Ferris non aveva un posto dove andare. A parte qualche bevanda alla frutta che aveva comprato nei chioschi per strada, non mangiava da settantadue ore. Eppure non sembrava consapevole di avere fame e, se anche lo fosse stato, al momento non aveva i mezzi necessari per risolvere quel problema. I soldi dell’assegno che ogni due settimane arrivavano dagli uffici in Madison Avenue avevano la straordinaria capacità di sparire l’istante stesso in cui venivano incassati.
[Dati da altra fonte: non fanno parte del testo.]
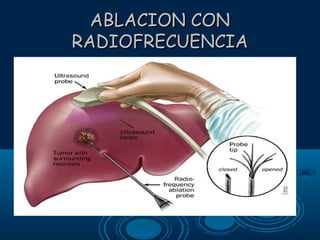 ABLACION CON
RADIOFRECUENCIA

 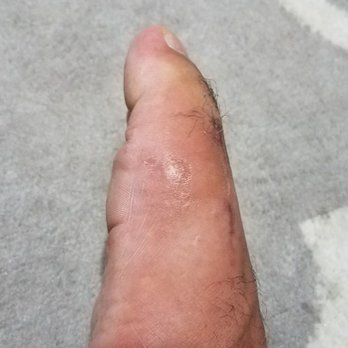 Gregory Morris, DPM - After it's done and healed to the point of walking and running normal. - Podiatrists Near Me - Honolulu, Hawaii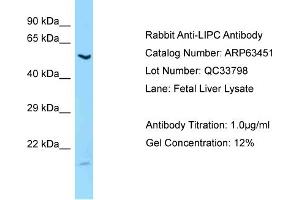 Western Blotting (WB) image for anti-Lipase, Hepatic (LIPC) (C-Term) antibody (ABIN2789506) (LIPC Antikörper  (C-Term))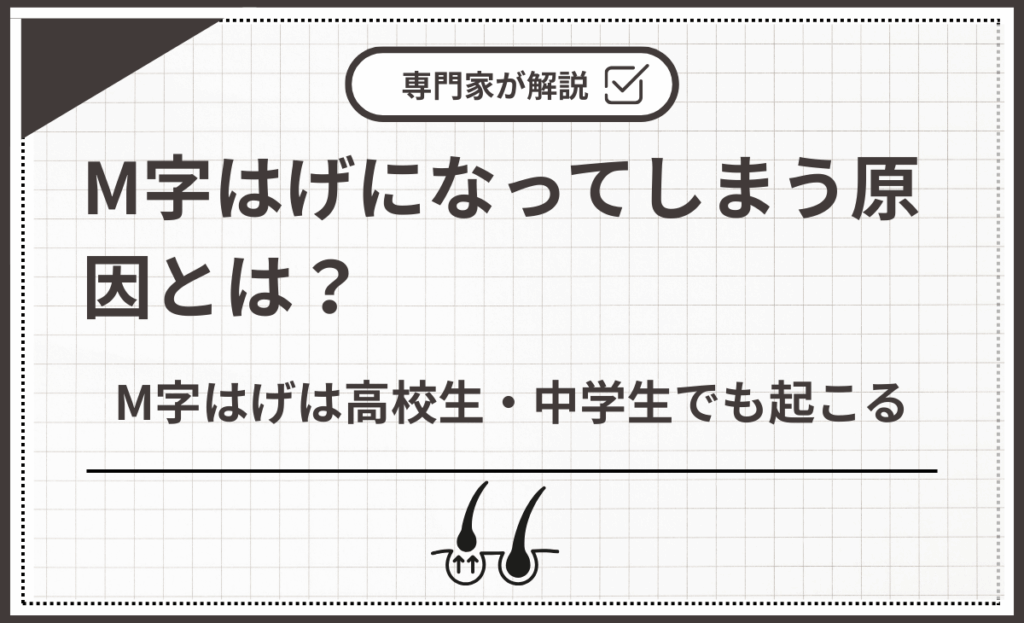 M字はげは高校生・中学生でも起こる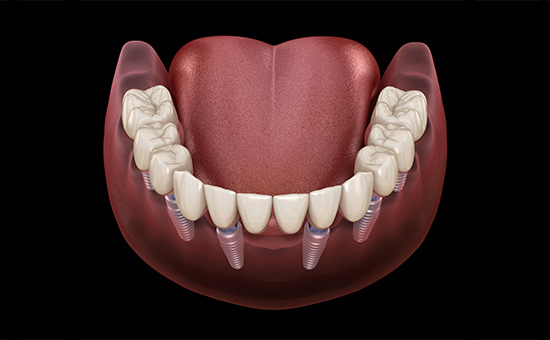 2024年马鞍山市种植牙牙科价格(收费标准)_2024全新公示
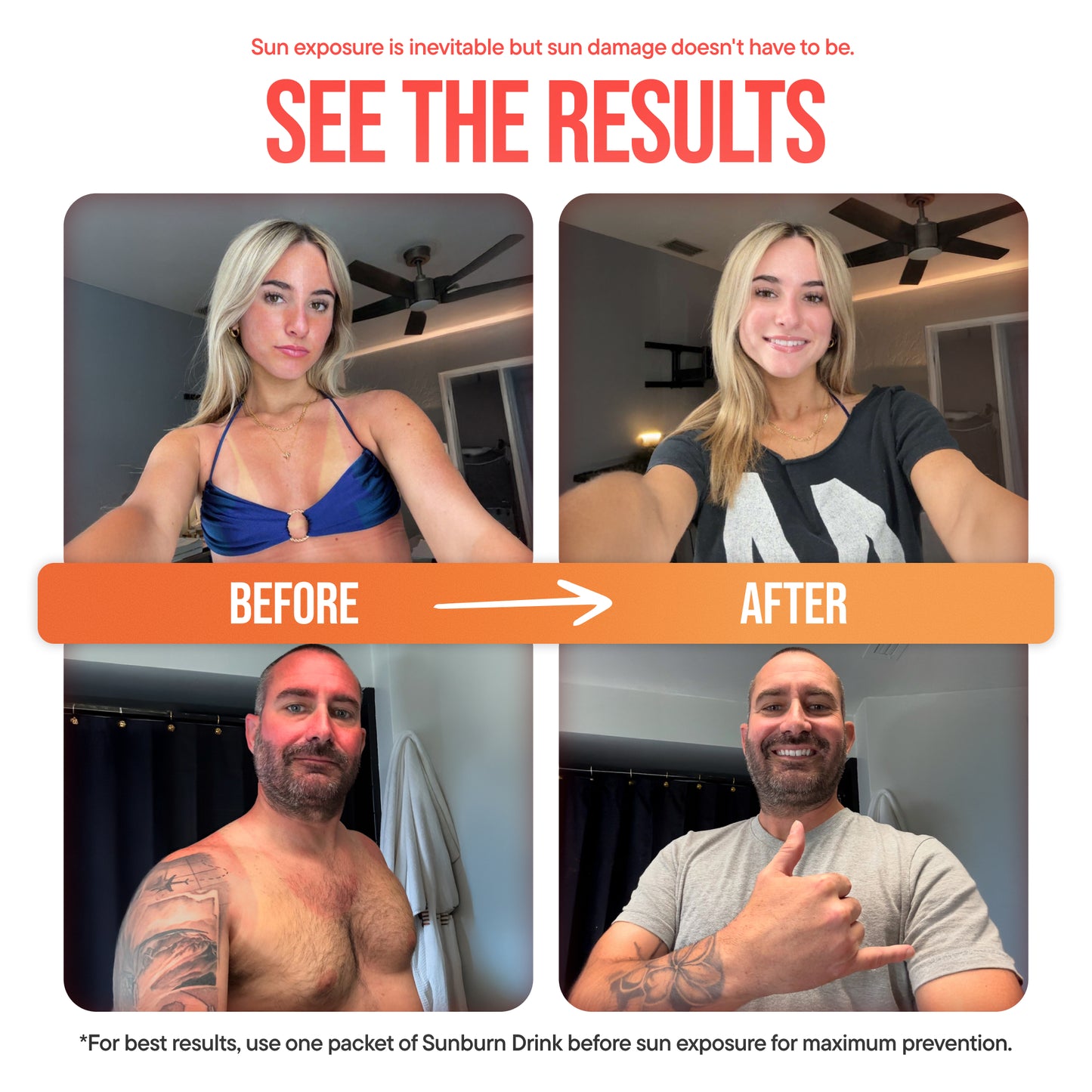 Sunburn Drink 20 Pack, Zero Sugar After Sun Hydration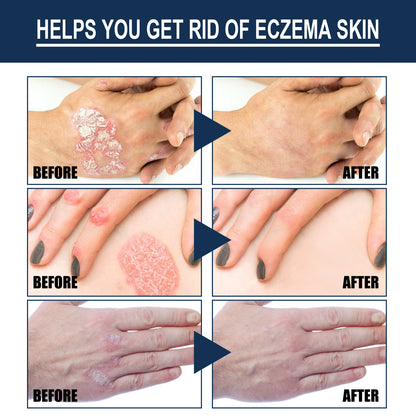 Skin care spray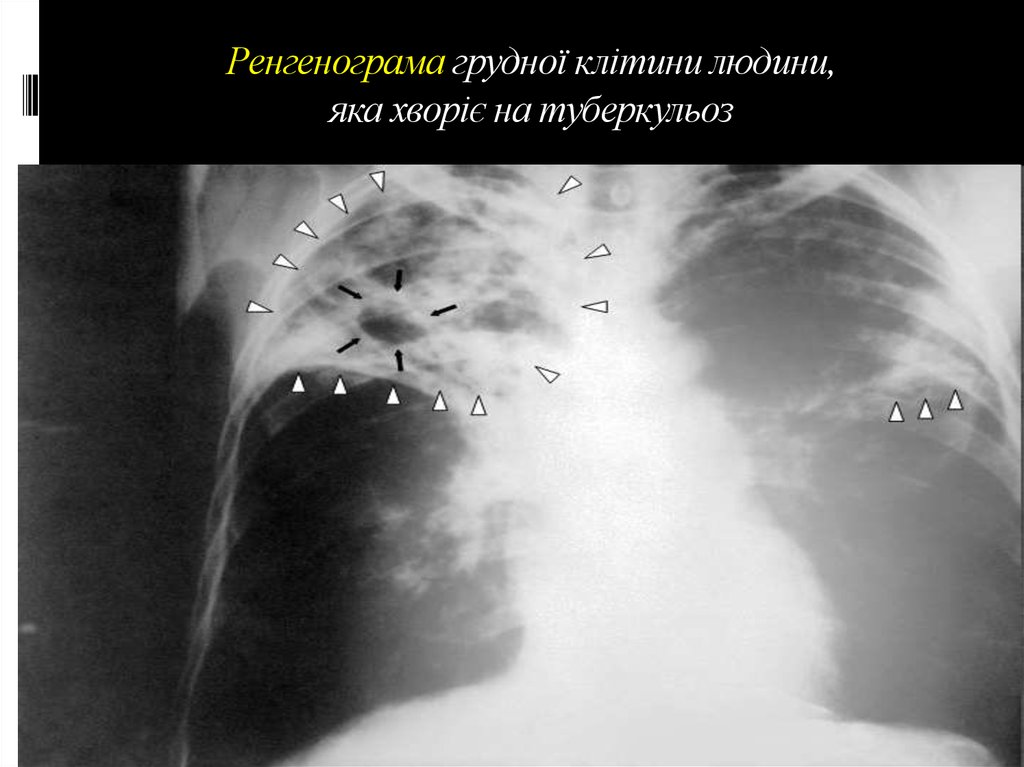 Ренгенограма грудної клітини людини, яка хворіє на туберкульоз
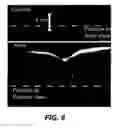 Fig. 07 - Reduced-time variable rate excitation pulses for rapid MRI
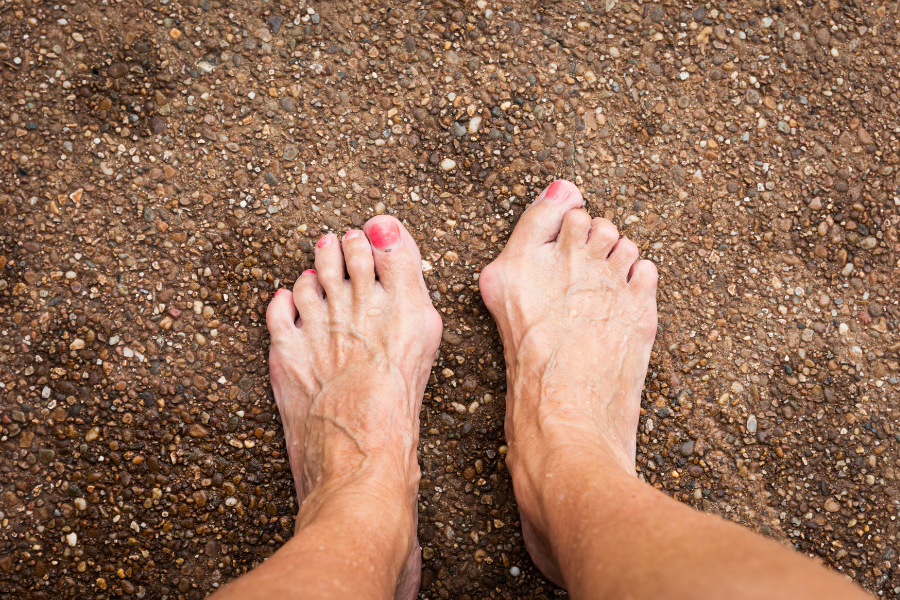 What Causes Hammertoes?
Camminava verso il parco con quella sua aria da sognatore senza meta e senza regole e uno strano sorriso che gli arricciava gli angoli della bocca.
È questa umanità resiliente, bartlebyana, ma priva del riscatto che l’assurdo del comportamento imprimeva all’antieroe di Melville, l’elemento luminoso della città. È la “città delle ombre” che si ribalta nell’elemento luminoso, per quanto dolente, mentre la New York scintillante si ribalta nel teatro naturale di un’inevitabile esplosione di ferocia, prolungamento ideale della violenza su cui la città si è pian piano edificata. Il doppio si rispecchia nel doppio, la luce si ribalta nell’ombra e viceversa. La caccia, se davvero si caccia si tratta, è soprattutto una caccia interiore che il corpo della città compie su se stesso.